_Exercise prompt:_
Once the pictures are set aside, reproduce the remaining data exactly.

_Information provided:_

== Segment start ==

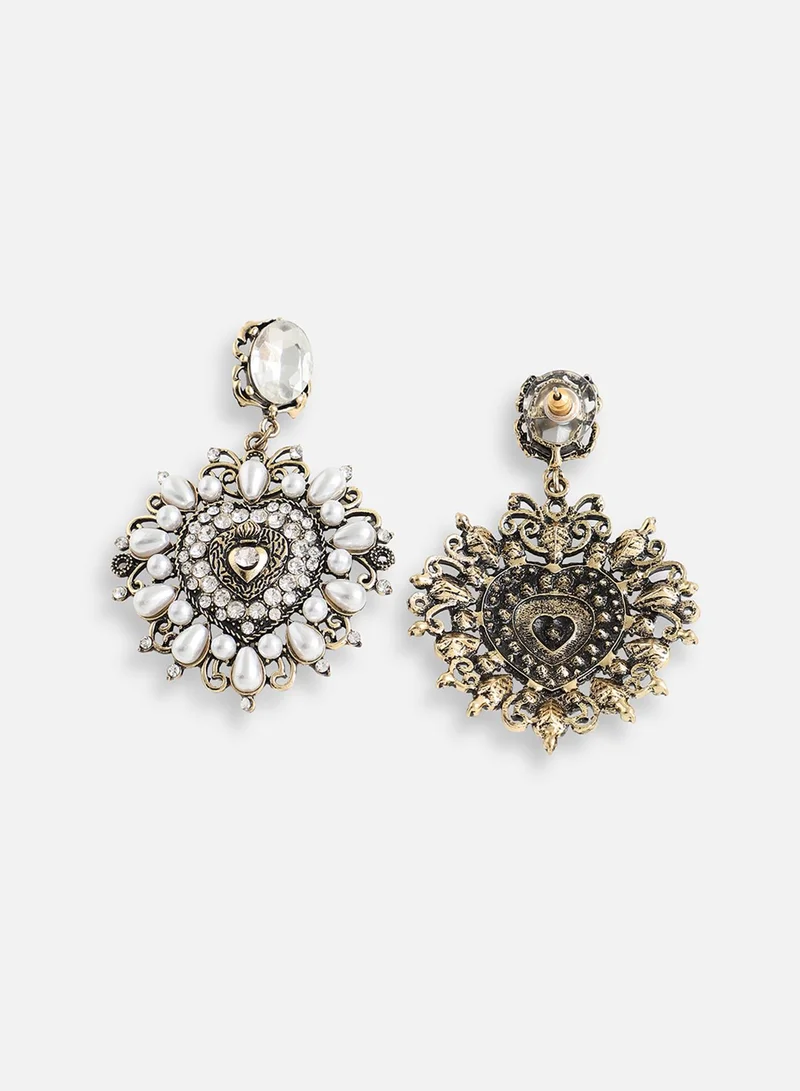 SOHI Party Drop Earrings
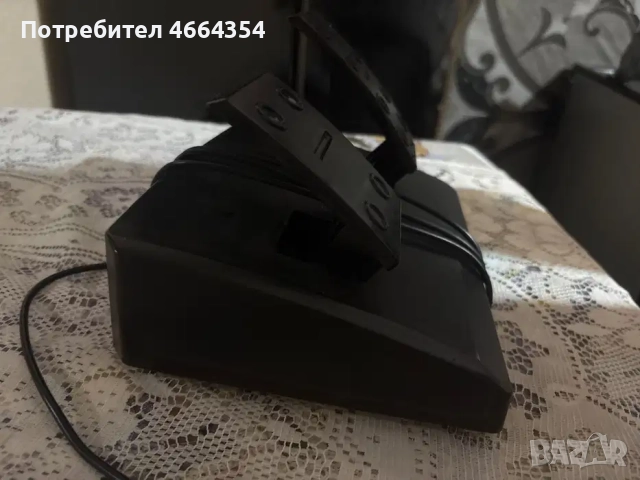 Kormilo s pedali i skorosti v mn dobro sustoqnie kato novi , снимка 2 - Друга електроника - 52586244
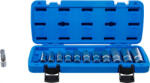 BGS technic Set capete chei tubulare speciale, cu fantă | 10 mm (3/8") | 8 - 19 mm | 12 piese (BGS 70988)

== Segment end ==

_Finished exercise:_
 SOHI Party Drop Earrings
 Kormilo s pedali i skorosti v mn dobro sustoqnie kato novi , снимка 2 - Друга електроника - 52586244
 BGS technic Set capete chei tubulare speciale, cu fantă | 10 mm (3/8") | 8 - 19 mm | 12 piese (BGS 70988)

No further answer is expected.